Вторая сюжетная метафора замечательная, очень красочная – это, конечно, знаменитый обед Стивы и Левина в «Анне Карениной». Я рискну сказать, что «Анна Каренина» – лучший русский роман. А раз лучший русский, то, наверное, и лучший когда-либо написанный в мире, потому что русскую литературу, как айсберг, до сих пор не с чем сравнить. Она так и возвышается до сих пор над морской поверхностью, притягивая все «Титаники». И о русскую литературу разбивается до сих пор любая попытка прагматического подхода к жизни. Прочел человек Достоевского – да и стал Мышкиным либо Рогожиным. Да, вот это в русской литературе есть. «Анна Каренина» – самый совершенный русский роман. Роман, как говорил Толстой, где «своды сведены так, что шва не видно». И действительно, история Кити, Анны и Левина так точно сведены, так точно запараллелены, так много символов в романе, такой гениальный сквозной лейтмотив железной дороги, возникающей, если помните, даже когда Сережа играет в железную дорогу. Страшный эпизод, когда он кричит: «Что вы все ко мне пристали?! Оставьте меня в покое!»

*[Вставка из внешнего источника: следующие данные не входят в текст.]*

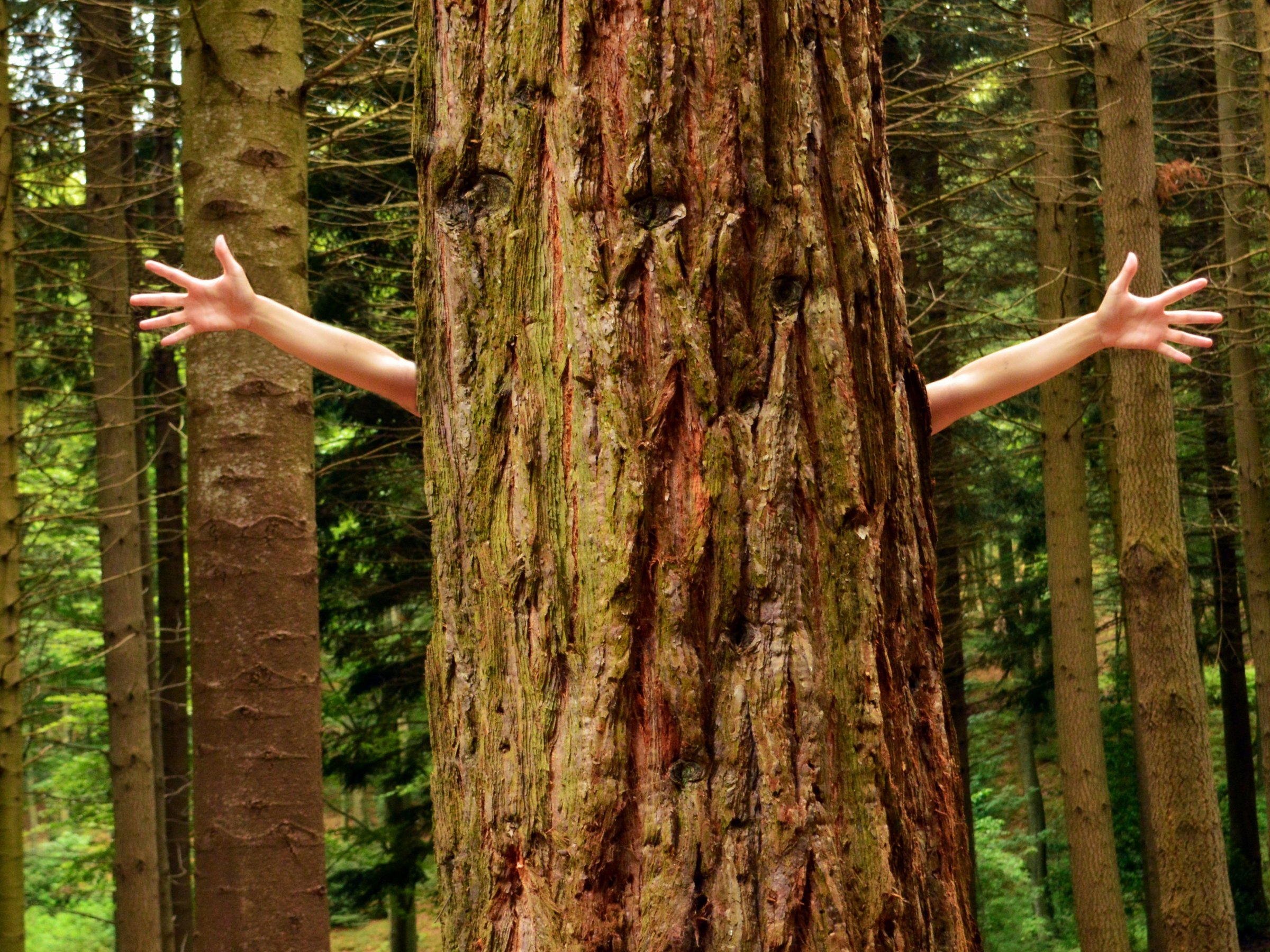 I took a test to measure my emotional intelligence — and it turns out I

Это все выдает, конечно, гениального художника на пике своих возможностей. После этого может пойти уже только разрушение жанра. Потому что «Анна Каренина» – это роман на грани маньеризма, на грани совершенства, уходящего уже куда-то в стилистическое упражнение. Поэтому после него написано «Воскресение» – роман грубый, с предельным обнажением приема. Толстой до 1878 года все время приемы маскирует, прячет, а в «Воскресении» он открыт как Брехт. Все сказано открытым текстом, все занавеси сдернуты.